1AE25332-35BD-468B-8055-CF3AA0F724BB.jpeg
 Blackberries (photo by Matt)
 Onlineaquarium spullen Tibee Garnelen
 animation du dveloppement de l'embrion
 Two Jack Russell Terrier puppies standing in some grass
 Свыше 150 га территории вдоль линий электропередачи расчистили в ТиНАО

——————

Action item: From the line with "Blackberries (photo by Matt)" to the last line of the material, give every line again exactly, and only those lines.

Output of the exercise:
 Blackberries (photo by Matt)
 Onlineaquarium spullen Tibee Garnelen
 animation du dveloppement de l'embrion
 Two Jack Russell Terrier puppies standing in some grass
 Свыше 150 га территории вдоль линий электропередачи расчистили в ТиНАО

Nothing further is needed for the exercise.